The saved model is stored in Google Cloud Storage and trained with python 3.7.

These are the gcloud commands used to deploy

gcloud ai-platform models create title_topic_custom \
  --regions=europe-west1 --enable_logging
MODEL_DIR="gs://ai_platform_custom/SavedModel"
VERSION_NAME="V3"
MODEL_NAME="title_topic_custom"
CUSTOM_CODE_PATH="gs://ai_platform_custom/SavedModel/my_custom_code-0.1.tar.gz"
PREDICTOR_CLASS="predictor.py.MyPredictor"
gcloud beta ai-platform versions create $VERSION_NAME \
  --model=$MODEL_NAME \
  --origin=$MODEL_DIR \
  --runtime-version=2.1 \
  --python-version=3.7 \
  --machine-type=mls1-c1-m2 \
  --package-uris=$CUSTOM_CODE_PATH \
  --prediction-class=$PREDICTOR_CLASS

I get the following error after executing those commands:

Using endpoint [https://ml.googleapis.com/]
Creating version (this might take a few minutes)......failed.                                                                                                                          
ERROR: (gcloud.beta.ai-platform.versions.create) Create Version failed.
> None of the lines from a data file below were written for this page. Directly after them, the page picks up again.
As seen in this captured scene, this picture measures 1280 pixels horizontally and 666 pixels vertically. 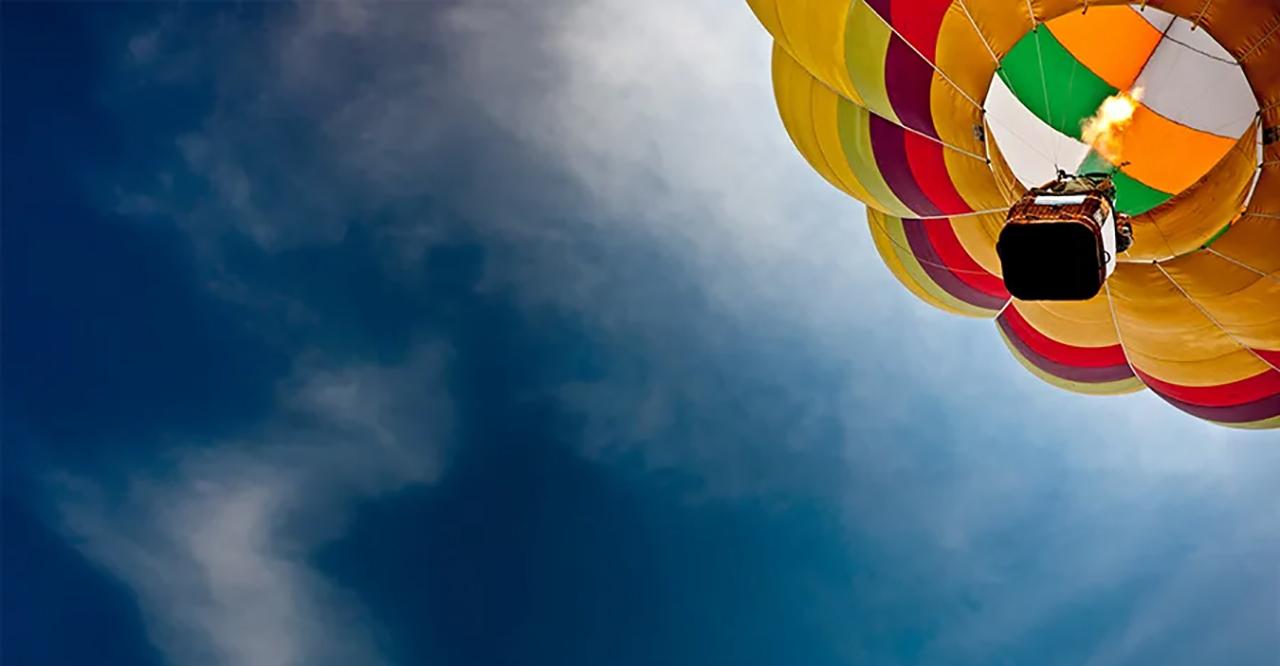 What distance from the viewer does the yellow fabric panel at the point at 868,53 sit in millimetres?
4156

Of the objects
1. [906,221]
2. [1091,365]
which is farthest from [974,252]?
[1091,365]

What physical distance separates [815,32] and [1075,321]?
214 centimetres

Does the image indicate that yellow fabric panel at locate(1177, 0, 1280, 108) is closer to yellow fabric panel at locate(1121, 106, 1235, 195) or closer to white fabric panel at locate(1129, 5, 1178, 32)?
white fabric panel at locate(1129, 5, 1178, 32)

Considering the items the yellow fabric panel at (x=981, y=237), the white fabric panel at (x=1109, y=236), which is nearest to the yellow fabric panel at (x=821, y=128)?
the yellow fabric panel at (x=981, y=237)

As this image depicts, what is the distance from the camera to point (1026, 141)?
3854mm

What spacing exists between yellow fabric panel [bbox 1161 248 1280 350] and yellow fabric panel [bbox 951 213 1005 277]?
0.78 meters

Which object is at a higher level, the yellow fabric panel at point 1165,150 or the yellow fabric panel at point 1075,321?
the yellow fabric panel at point 1075,321

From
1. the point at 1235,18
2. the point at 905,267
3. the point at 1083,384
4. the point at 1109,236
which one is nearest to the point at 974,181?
the point at 1235,18

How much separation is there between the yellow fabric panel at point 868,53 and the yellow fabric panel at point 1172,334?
1359 millimetres

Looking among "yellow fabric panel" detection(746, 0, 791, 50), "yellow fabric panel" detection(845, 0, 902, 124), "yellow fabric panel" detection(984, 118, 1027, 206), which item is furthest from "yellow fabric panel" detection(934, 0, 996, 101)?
"yellow fabric panel" detection(746, 0, 791, 50)

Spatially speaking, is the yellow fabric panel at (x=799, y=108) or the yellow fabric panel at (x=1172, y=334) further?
the yellow fabric panel at (x=799, y=108)

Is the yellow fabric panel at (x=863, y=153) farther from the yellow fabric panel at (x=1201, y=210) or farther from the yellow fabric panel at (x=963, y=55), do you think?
the yellow fabric panel at (x=1201, y=210)

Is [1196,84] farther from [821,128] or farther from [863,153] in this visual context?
[821,128]

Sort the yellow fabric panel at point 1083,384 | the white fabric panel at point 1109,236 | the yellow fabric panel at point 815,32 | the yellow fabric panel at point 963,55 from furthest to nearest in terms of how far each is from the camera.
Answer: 1. the yellow fabric panel at point 1083,384
2. the yellow fabric panel at point 815,32
3. the yellow fabric panel at point 963,55
4. the white fabric panel at point 1109,236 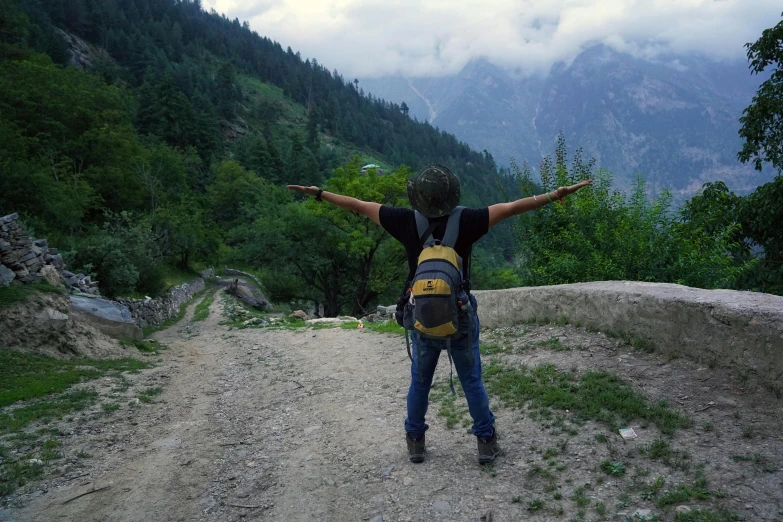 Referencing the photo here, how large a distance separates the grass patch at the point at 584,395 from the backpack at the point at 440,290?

Bad model detected with error:  "There was a problem processing the user code: predictor.py.MyPredictor cannot be found. Please make sure (1) prediction_class is the fully qualified function name, and (2) it uses the correct package name as provided by the package_uris: ['gs://ai_platform_custom/SavedModel/my_custom_code-0.1.tar.gz'] (Error code: 4)"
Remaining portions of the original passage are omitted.